Opinion: The government is missing chances to slash IT costs
It should transform procurement, says Chris Chant, not just shave a bit off prices
IT procurement in government – and, most likely, the public sector as a whole – has for many years been a fast-growing industry. In my experience, around a third of all client-side IT staff (those serving the commissioning and operational needs of other staff) have been engaged, directly or indirectly, with procurement. A similar-sized army has been employed by the supplier side of the service. Reprocurement of outsourced services typically takes years: in 2011, for example, one smallish agency was already starting activity to reprocure on a contract that ran till 2015. But it’s not just the initial procurement. Because of endless changes and often meaningless service level agreements, the pace never slackens; procurement teams are kept very busy.
So why does this approach need to change? Well, the reasons are both obvious and legion. Guesses on the number of client-side IT staff in the public sector run about 60-100,000. If just 25-30 per cent of them are involved in procurement, at an all-up cost average of £30-40,000, the annual cost of procurement is £450m-1.2bn.

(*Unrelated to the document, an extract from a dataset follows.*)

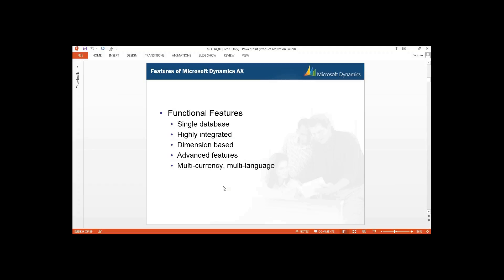For example, if you are working for an organization with branches in different areas — like head office in New York with branches in Chicago, New Jersey — you don't need to worry about currency and language. But if you have branches in UK, Dubai, or India, then you need to configure multi-currency as well as multi-language. That is also available in AX 2012. These are your functional features.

For such a large business, you may think this is worthwhile – but public sector workers themselves don’t see value for money. The service provided has, in the eyes of most end users (public service workers and citizens), been woeful. It has been expensive, with costs to change one line of code reaching £50,000. It has been slow: it often takes 12 weeks to commission a server. It has been unreliable: ask any public sector worker.
Of course, not all services are like this – there have been some exceptions where smart people, working hard, have kept things going well. But the system works relentlessly against these heroes.
Apart from cost and quality, the third disastrous leg of our approach has been duplication. Often, though organisation A is spending thousands on procuring, testing and accrediting a service, organisation B nonetheless undertakes exactly the same activity, to exactly the same standards, and often at exactly the same time. It’s lunacy.
There is another way, and it doesn’t require endless battles with the EU or security services. When we developed the G-Cloud framework and approach, it became clear that the UK had often chosen to interpret EU legislation in a draconian way that served to slow procurements down without improving the outcome. In Germany, procurements were typically twice as fast as ours.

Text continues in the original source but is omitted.